森泉山の地点A,Bの汚染レベルの比較。 |
面白いことがここに一つある。それは、地点Bの放射線量は0.2μSv/hほどあるのに、関東の2地点は0.1μSv/h強程度しかないということだ。具体的な値は次のようになる。
場所 | 線量(μSv/h) | 放射能(Bq/kg) |
森泉山(地点B) | 0.19 | 400 |
皇居北の丸 | 0.12 | 560 |
川崎 | 0.12 | 310 |
線量だけみれば、森泉山西側斜面(地点B)の汚染は、関東の倍のひどさがあるように見える。しかし、その放射能の数字を見ると同程度あるいは、それより弱い汚染となっている。この傾向は、スペクトルのグラフを見ればもっと明瞭だ。スペクトルのピークを見ると、関東の2地点はどちらも森泉山西側斜面を上回っている。これが意味するのは、土壌の放射能は関東の2地点の方が森泉山中腹よりも強いということだ。

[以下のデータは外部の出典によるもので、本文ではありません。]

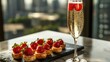 © Albert - a glass of champagne and a plate of strawberries on a table The plate is black and the glass is filled with a bubbly liquid, likely champagne, and the strawberries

つまり、線量の低い関東の土壌の方が、森泉山西側斜面よりもセシウム汚染がひどいことになる。
前に考察したように、山林の汚染は森全体に渡るため土壌だけにセシウムが沈着するわけではない。つまり、土壌汚染が関東より軽いからといって、これは嬉しいニュースとはならないと思う。山や森林の除染は、土壌の剥ぎ取りだけでは済まないだろう。木を切り倒し、岩を撤去し、その上に腐葉土や砂礫を除去しなくては、線量は落ちないということだ。
一方、都市部の汚染は線量だけみれば低いように見えるが、それはセシウムの沈着が主に土壌にのみ形成されているからだろう。森全体が引き受けるはずだったセシウム汚染は、コンクリートやアスファルトの表面を流れ、下水や川に流れ込み、最後は海へと行ってしまった。つまり、東京を含む関東平野だって0.2μSv/h以上の汚染があってもおかしくなかったが、都市化によって汚染は定着せず、海へとその責任をなすりつけた形になったと思われる。東京で土のある所を探すのは難しいが、公園や校庭、神社、数少なくなった畑地など、限られた場所にはある。それだけに、こういう場所には付近から流れ込んだセシウムが溜まり、放射能(つまりベクレル)が高くなってしまう傾向があるのではないだろうか?都市部のセシウム汚染は一カ所にかたまり、局所的なホットスポットを作りやすいと思われる。実際、多摩川の河原ではそういう場所が数地点報告され、現在は立ち入り禁止となっている。その線量は1μSv/hに及ぶような高い線量を示しているという。外部被曝の観点からしても、これは要注意だ。しかし、なによりも関東の人間が気をつけなくてはいけないのは、強く汚染された土や砂が舞い上がり、それを吸入してしまうことだ。いわゆる内部被曝だ。公園に遊びにいったり、校庭でスポーツをしたりするときは注意すべきだろう。
そして、これから最大の問題となるはずなのは、東京湾の海産物だ。これを食べるときは、よく考える必要がある。東京の海には、森泉山が引き受けてくれた放射能物質の大半が流れ込んでいると思うと背筋が凍る。